- **Data excerpts**:
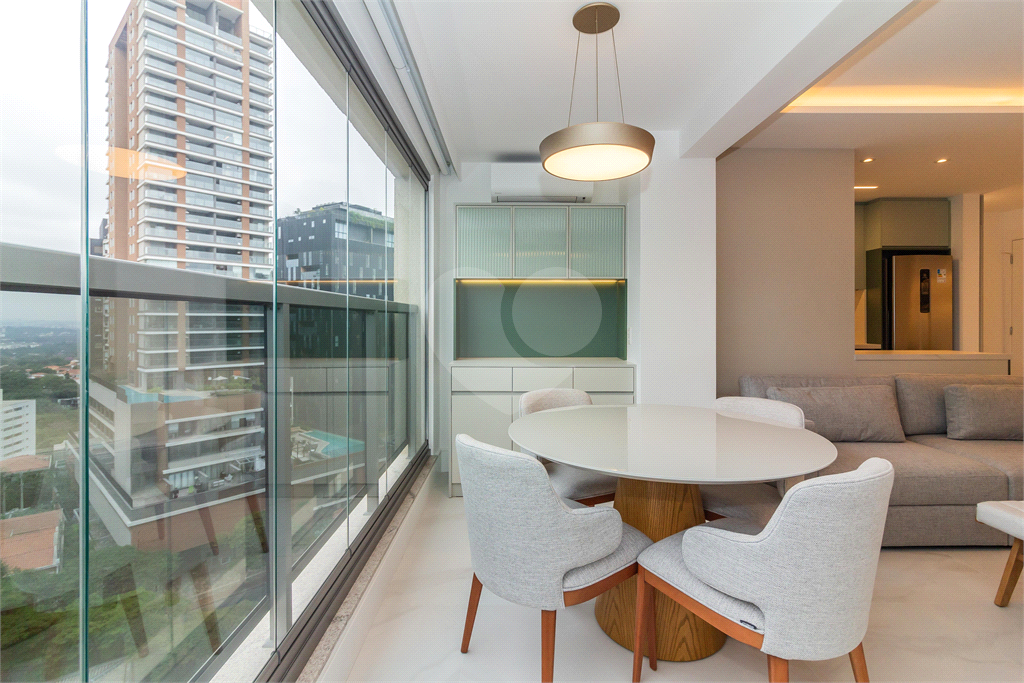 Apartamento para venda, com 2 quartos, 70 m, novo, mobiliado, 1 vaga na Vila Madalena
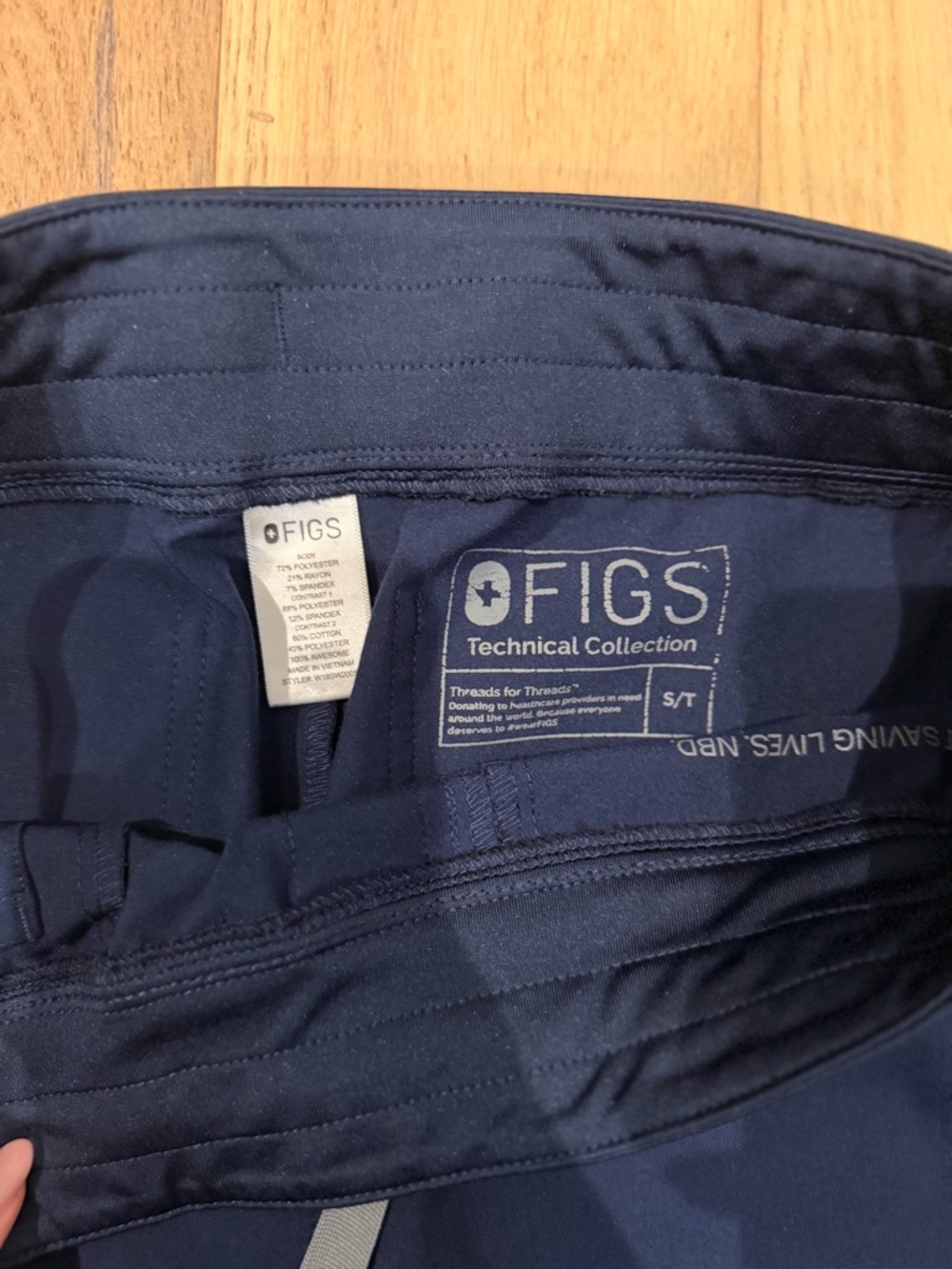 Women's Navy Scrub Bundle - Picture 4 of 7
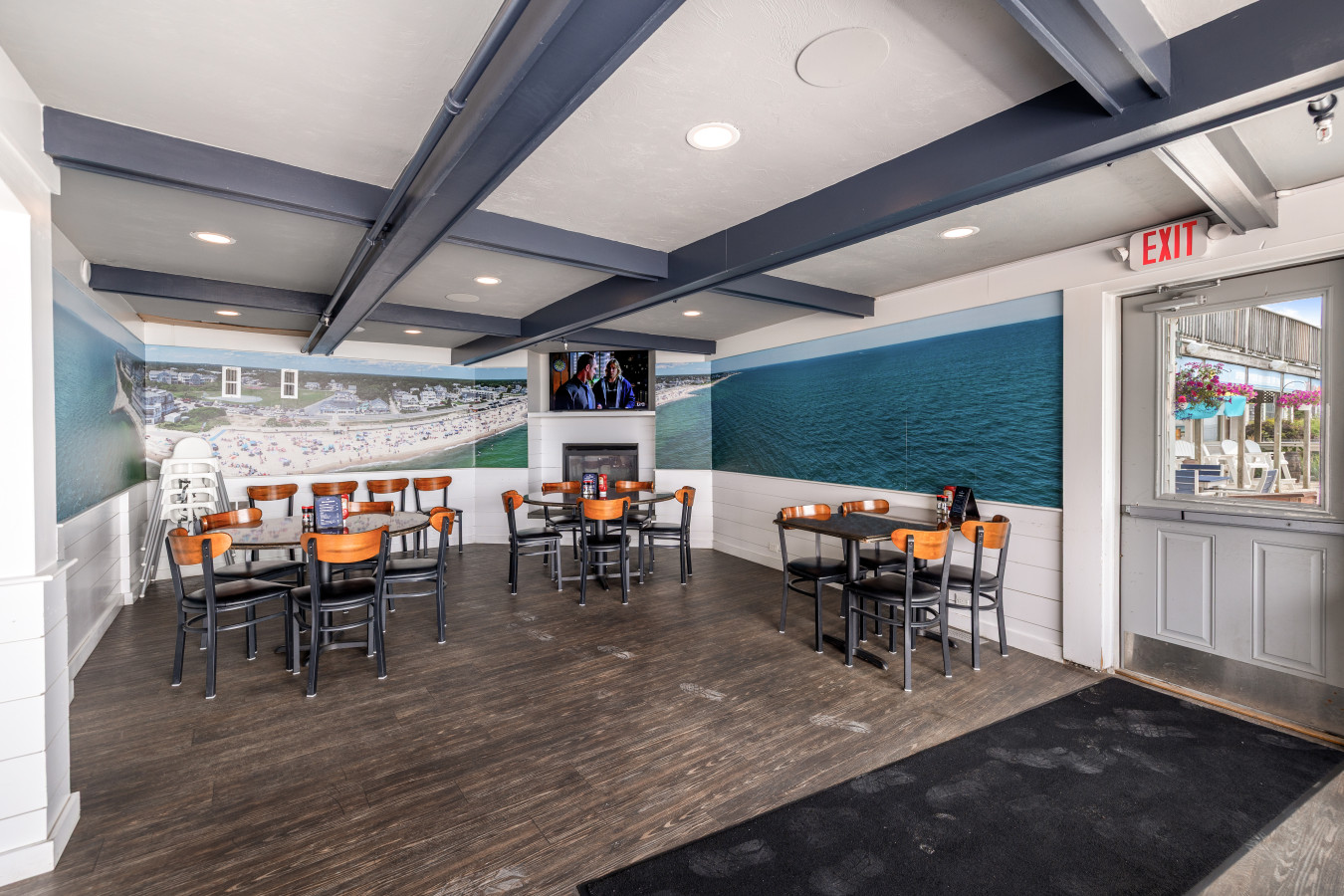 cozy-queen-room-near-beach-and-dining-(305)/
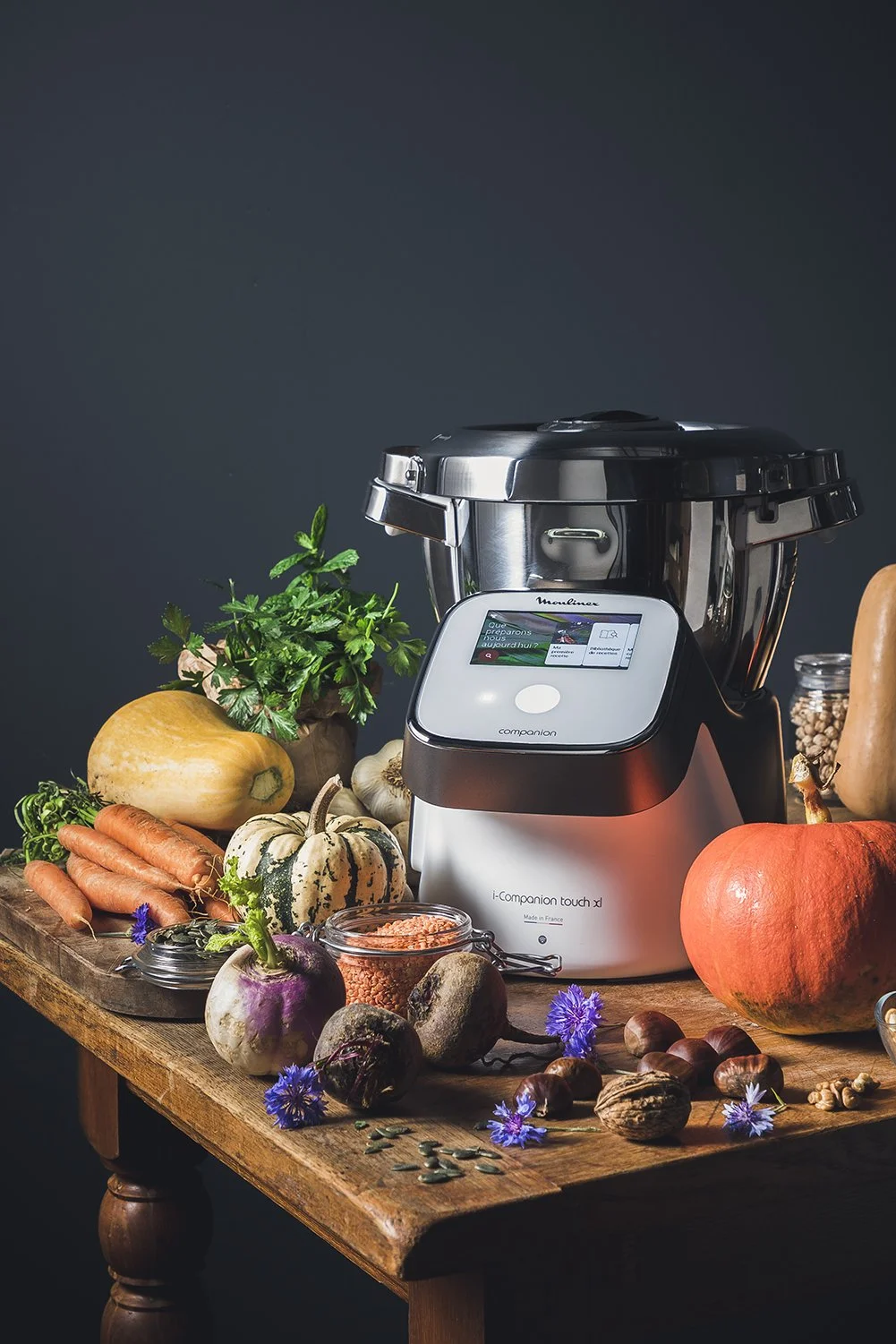 Robot Companion de Moulinex utilisé pour préparer une recette flexitarienne, illustrant les 100 créations culinaires développées pour cet appareil.
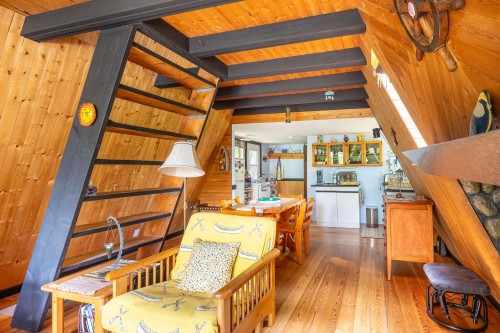 7536 Islets Place, Sechelt, BC 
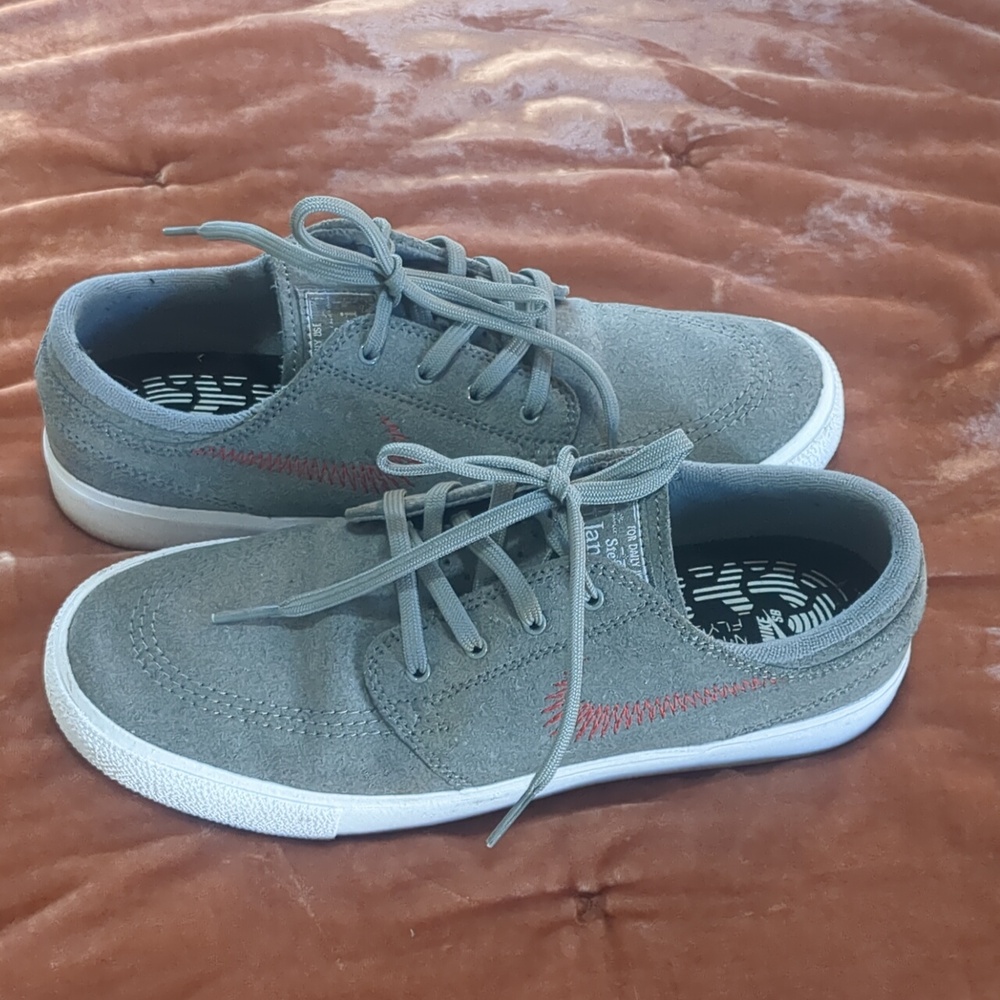 Nike Flyleather Stefan Janoski SB Gray Sneakers with Red Swoosh Detail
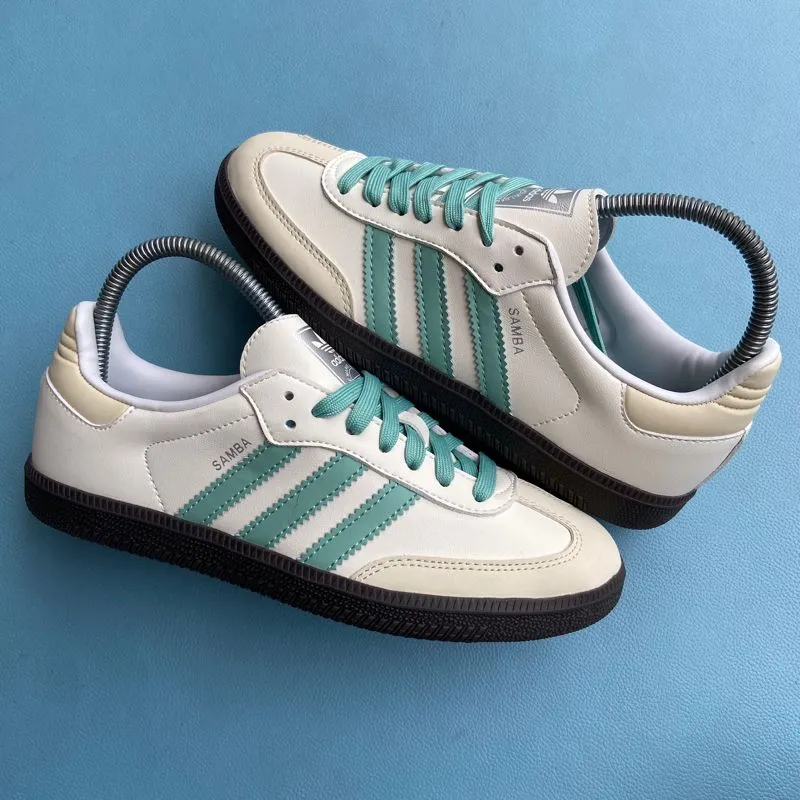 Adidas Casual Sneakers Wanita green cream photo 1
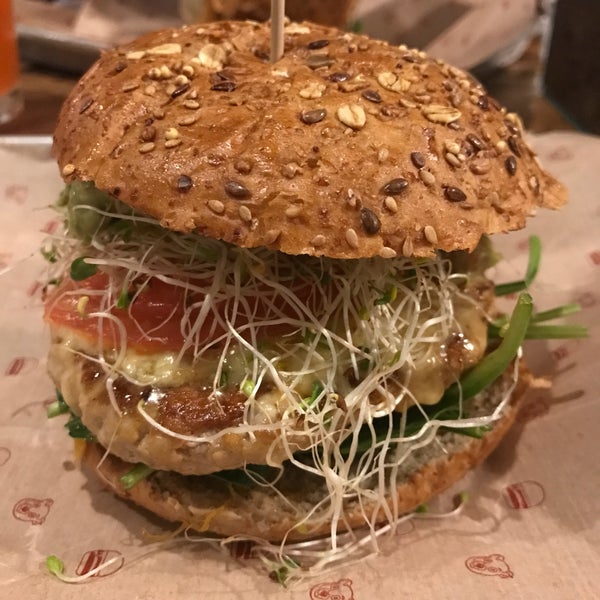 Bareburger Financial District 53 tips from 1754 visitors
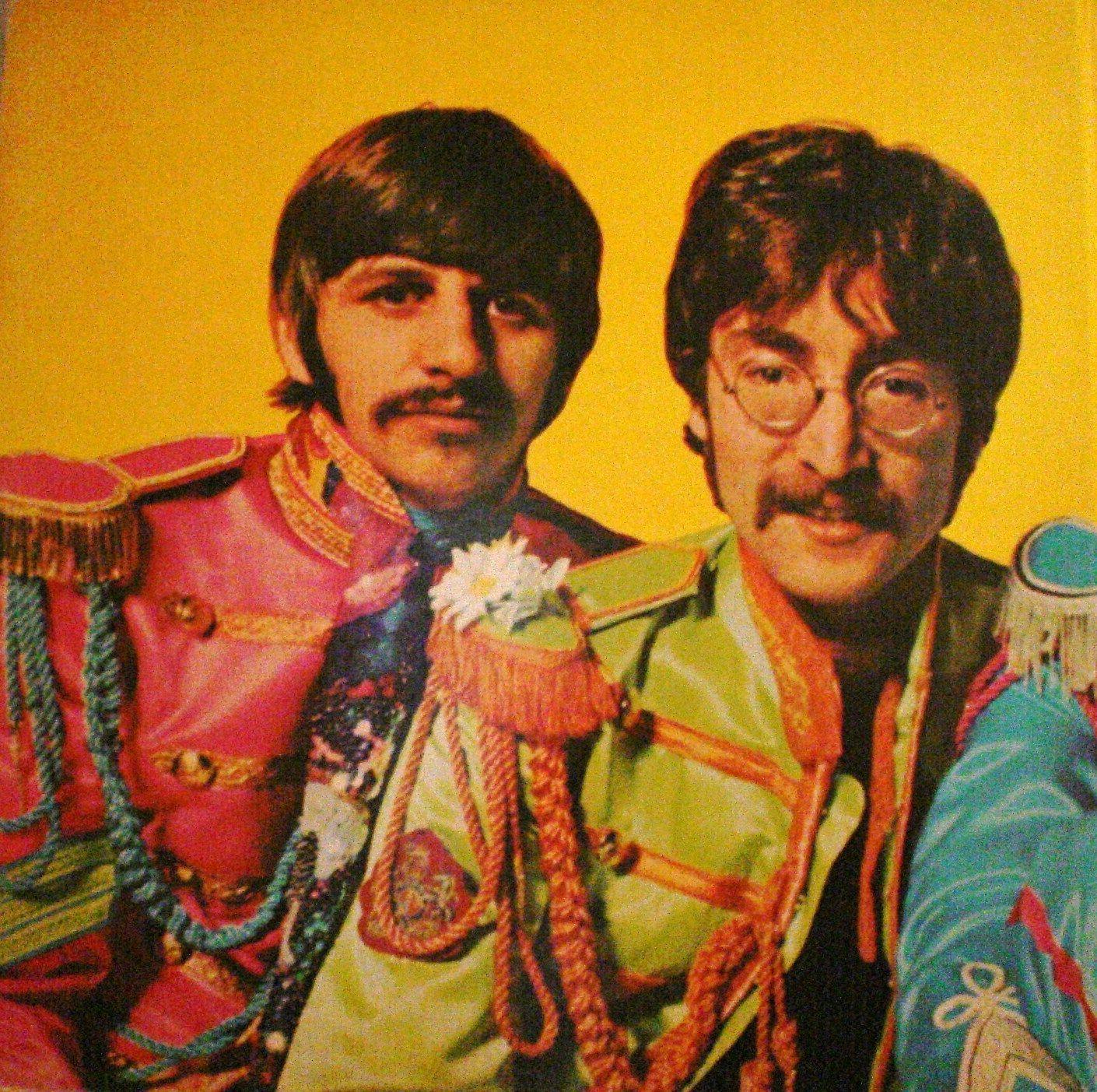 sgt. pepper&;s lonely hearts club band Beatles Photo 2488644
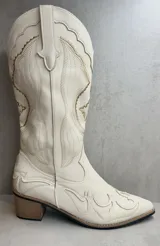 Bota texana de cuero sintético color blanco, con bordados decorativos en beige y taco de madera.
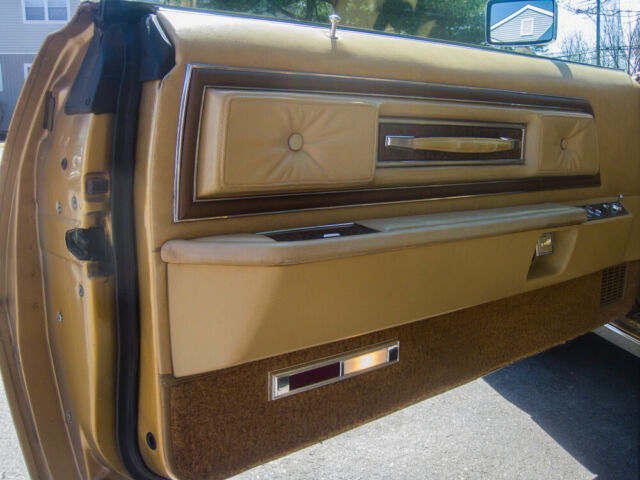 Lincoln Continental 1974 image number 24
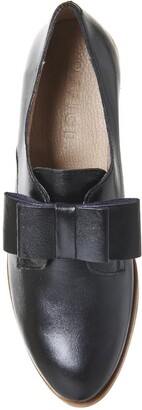 flexa slip on with bow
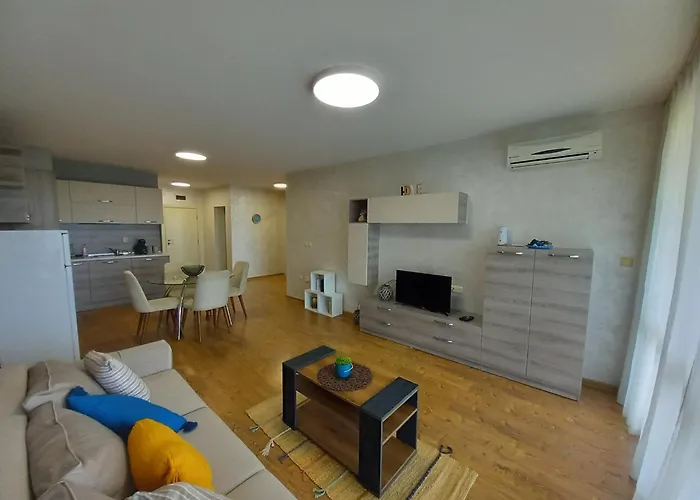 Sunset Апартамент *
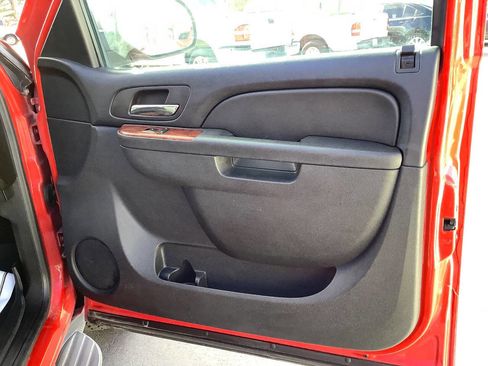 Used 2013 Chevrolet Suburban LS image 34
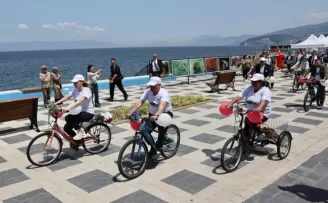 ’Süslü Bisikletler’in pedalları Mudanya’da temiz çevreye çevrildi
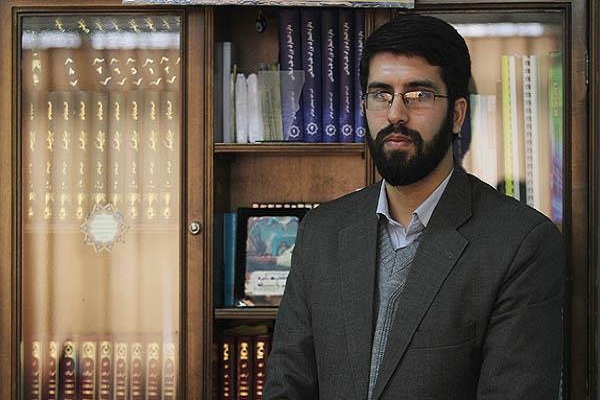 حسین همتی کارشناس مرکز قرآن و عترت وزارت بهداشت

- **Work to be completed**:
All that belongs in the answer is the lines from the line with "sgt. pepper&;s lonely" through the closing line of the entries, inclusive, transcribed exactly and free of pictures.

- **Task result**:
 sgt. pepper&;s lonely hearts club band Beatles Photo 2488644
 Bota texana de cuero sintético color blanco, con bordados decorativos en beige y taco de madera.
 Lincoln Continental 1974 image number 24
 flexa slip on with bow
 Sunset Апартамент *
 Used 2013 Chevrolet Suburban LS image 34
 ’Süslü Bisikletler’in pedalları Mudanya’da temiz çevreye çevrildi
 حسین همتی کارشناس مرکز قرآن و عترت وزارت بهداشت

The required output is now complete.